I'm sure the interim goal is to move developers towards QT/Embedded development which will eventually liberate all involved (Nokia, Developers) from S60.

Jonnycat26 wrote:Easy to see this one coming. Nokia's bought Trolltech, and their embedded QT environment has been around and doesn't show as much age as S60.

I was hoping that the Qt purchase would be leveraged to allow Nokia to develop software for OSX and Linux in addition to Windows.

Unregistered wrote:I was hoping that the Qt purchase would be leveraged to allow Nokia to develop software for OSX and Linux in addition to Windows.

Nokia's been able to do that for a long time.

I know for an absolute fact that at one point Nokia had java code that allowed for communication with early EPOC/Symbian devices, and this code worked on both Macs and Linux.

Why they never developed it is beyond me.

They do have telephone options: SIP. It'll run on any wifi covered area. Companies, campusses, whole city blocks. Particular the N810 WiMax version is pretty 'far reaching'. If the mini-SD slot were not so inconveniently positioned on the N800 a miniSD 3G/GPRS card with a driver could reach the world over SIP.

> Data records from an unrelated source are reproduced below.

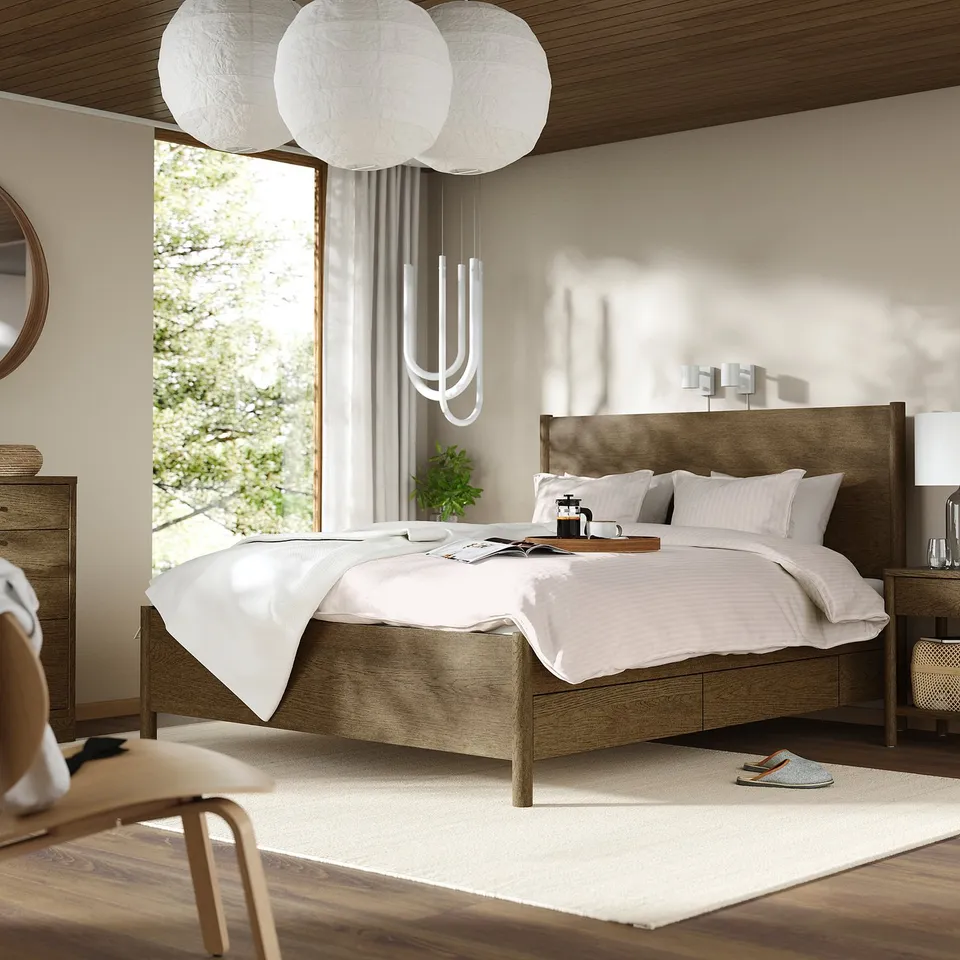 Modern bedroom with TONSTAD bed, soft-close drawers, large windows, pendant lamp, wooden nightstands, white rug, peach chair, small mirror.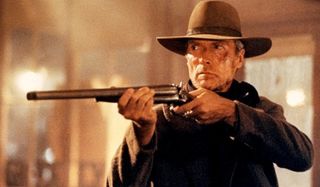 Unforgiven Clint Eastwood points his shotgun menacingly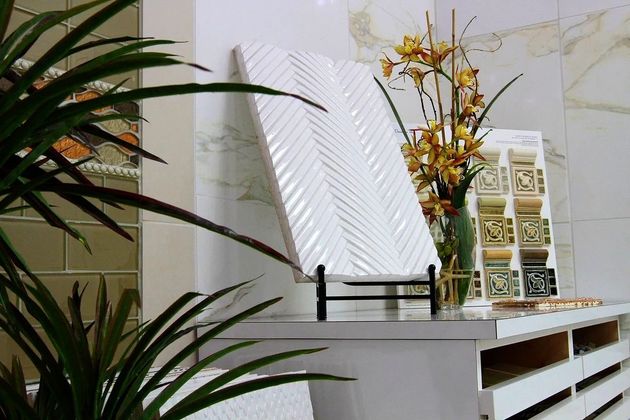 Modern console table with mirror, floral arrangement, and decorative wall blocks in a bright room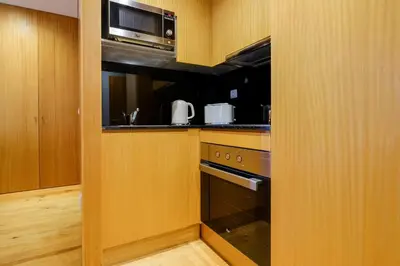 a kitchen with a stove and a microwave at Trindade Essence Duo Suites in Porto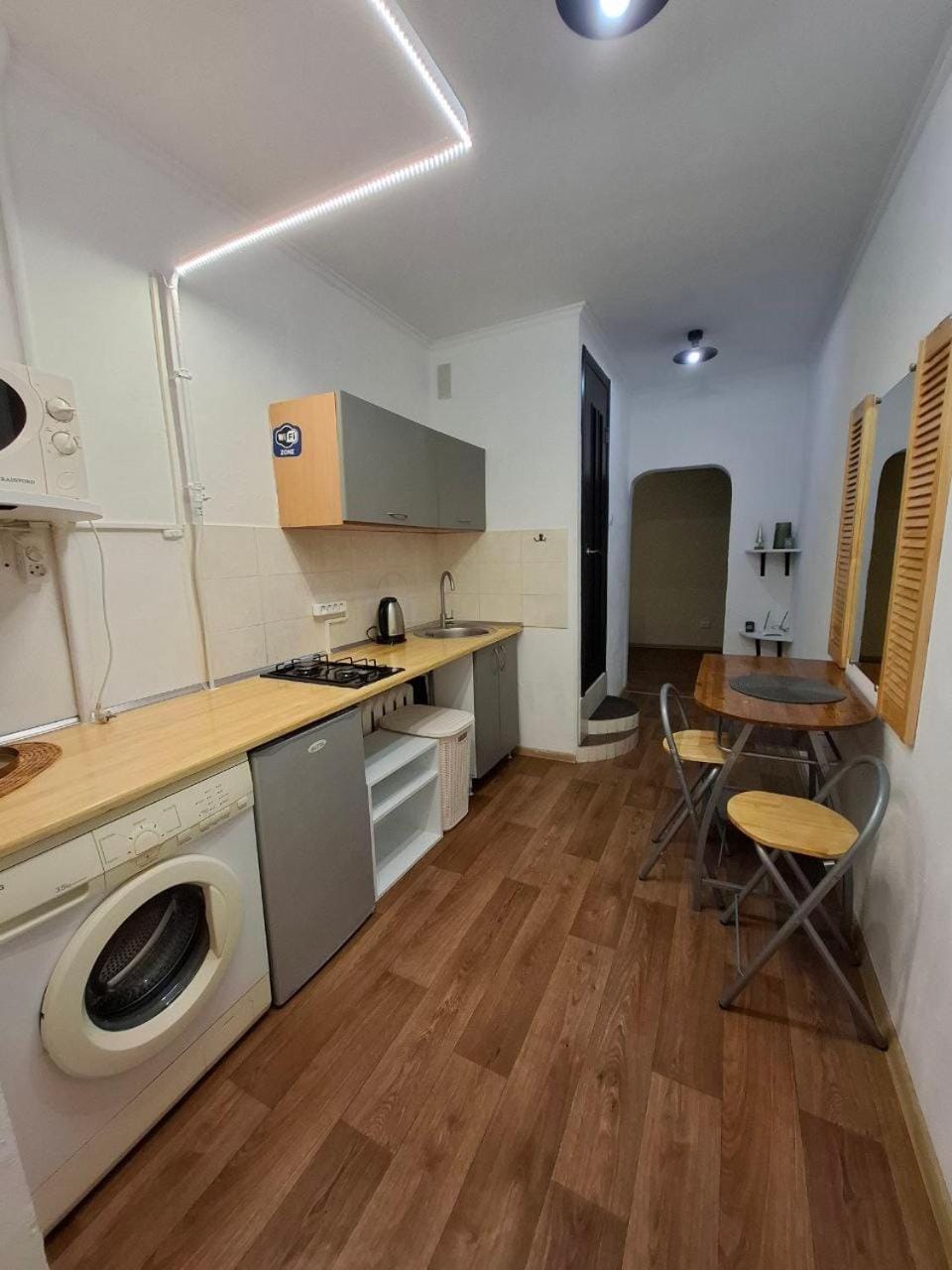 Kitchen or kitchenette, Living room, Dining area, stove, washing machine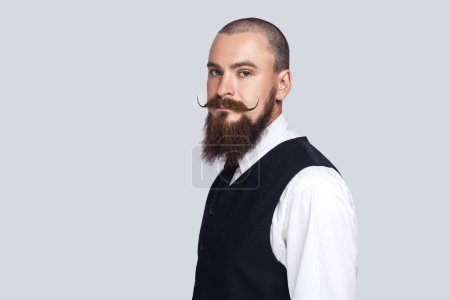 Téléchargez les photos : Side view portrait of serious attentive man with beard and mustache standing looking at camera with strict facial expression, being in bad mood. Indoor studio shot isolated on gray background. - en image libre de droit
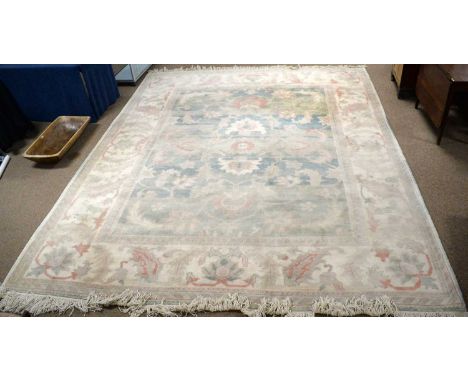 A modern Persian style carpet, the cream, blue and green central panel with allover foliate design, palmette and leaf border,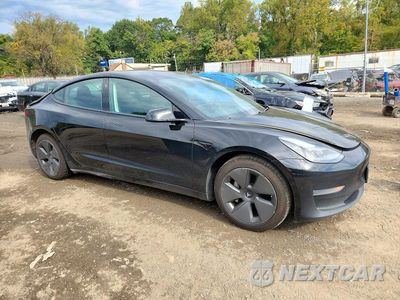 Czwarte zdjęcie samochodu z boku: 2021 TESLA MODEL 3 VIN:5YJ3E1EA3MF028467 - miniatura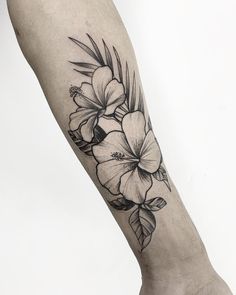 a black and white flower tattoo on the leg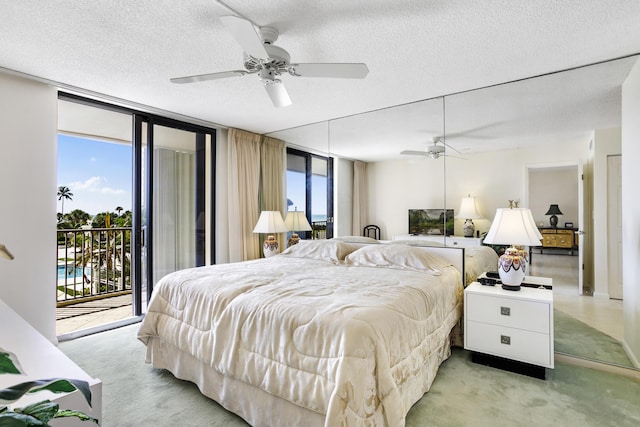 200 Ocean Trail Way Unit 106, Jupiter, FL 33477 - bedroom with access to exterior, light carpet, a textured ceiling, a wall of windows, and a ceiling fan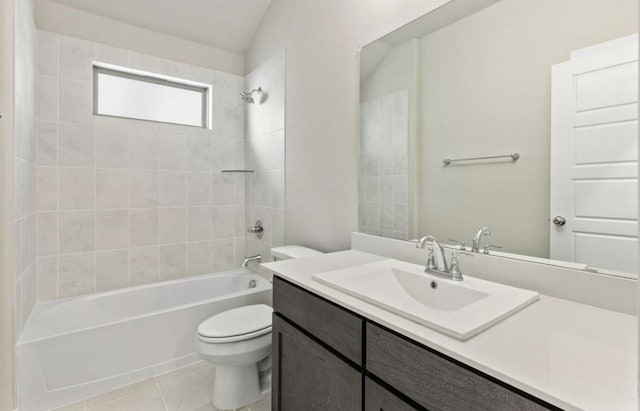 full bathroom with tile patterned floors, vanity, toilet, and tiled shower / bath combo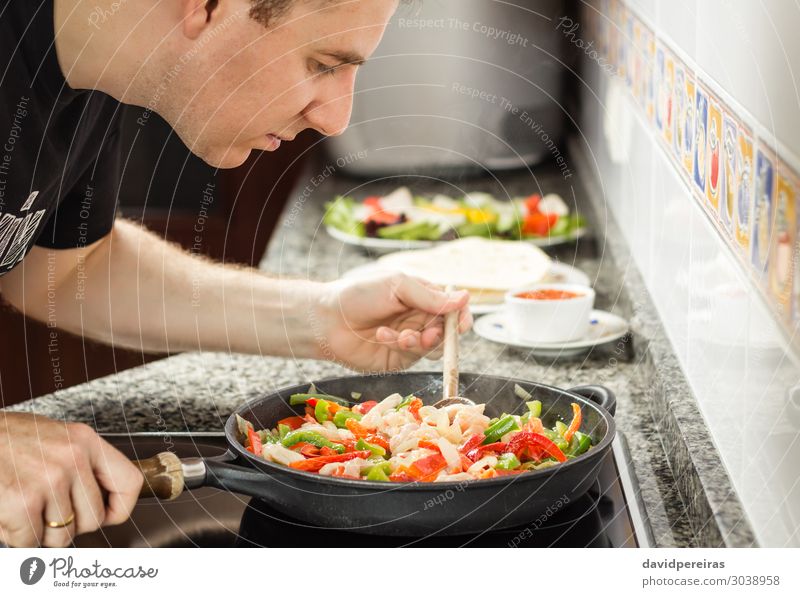Man cooking vegetables and chicken in a pan Vegetable Pan Adults Fresh Hot Green Red Tradition Chicken chili corn fajita food lettuce Mexicans Mexico nachos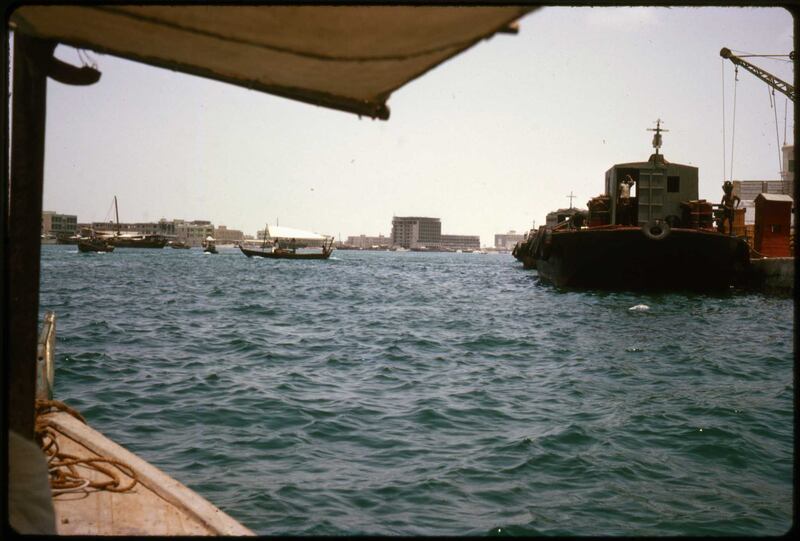Travelling across Dubai Creek the traditional way. A Gray Mackenzie and Co barge, right, carried goods from ships offshore to customs on the quayside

No doubt Symbian will be challenged by some form of Unix in the future. In the end we will see hardware with a virtual machine BIOS and BIOS-drivers. Running any OS: Java, Symbian or what ever ticks your fancy.

It is nice to notice that it's now official. Check out hardware specs of E90 and N810; E90 running maemo was strongly rumored here in Finland 😉

Everyone here's talking about the possibility of Linux replacing Symbian underneath S60, and I think for the reasons given (the technical investment in Symbian), this won't be an initial move by Nokia (maybe somewhere down the line...)

What no one's talking about is Linux as a replacement for the proprietary Nokia OS that underlies, or is, S40. To me, this makes much more sense. S40 has become increasingly sophisticated to the point where it is almost a slightly less capable version of S60, even to the extent of multitasking in Java (S40 5th Edition?). I say almost as S40 is not a smartphone OS because it doesn't allow 3rd parties to program the native OS in a non-sandboxed way (this is the only reliable differentiator to my mind). Phones and "smartphones" must and will merge, so we have one continuous spectrum of device capabilities rather an artificial delineation. S40 must either stagnate and be for the chop, or improve. To improve it must become S60 in a de-facto if not literal, sense (or in practice be replaced by S60). Either way, we will see a trend for the OS underlying low end devices to become more sophisticated - this is the nature of technological progression. Note this does NOT mean low end phone UIs will become more complicated and traditionally "smartphone"-like, it simply means the underlying OS can support more sophisticated functionality to pass onto the user in simpler forms. Competition will come in this market area from Android, and Nokia must compete, especially bearing in mind Linux & Android being free and Symbian having a price tag.

*Ultimately* either S60 will eat S40, or vice versa, but either way ultimately they will merge and become one and the same. Nothing else makes sense (though of course at the user level, there will be a spectrum of devices and prices of increasing sophistication from the very low end). I suspect that like Apple did with OSX moving to Intel, there will be an internal Nokia project moving S60 to Linux and probably a much farther advanced project moving S40 to Linux, or possibly these are one and the same.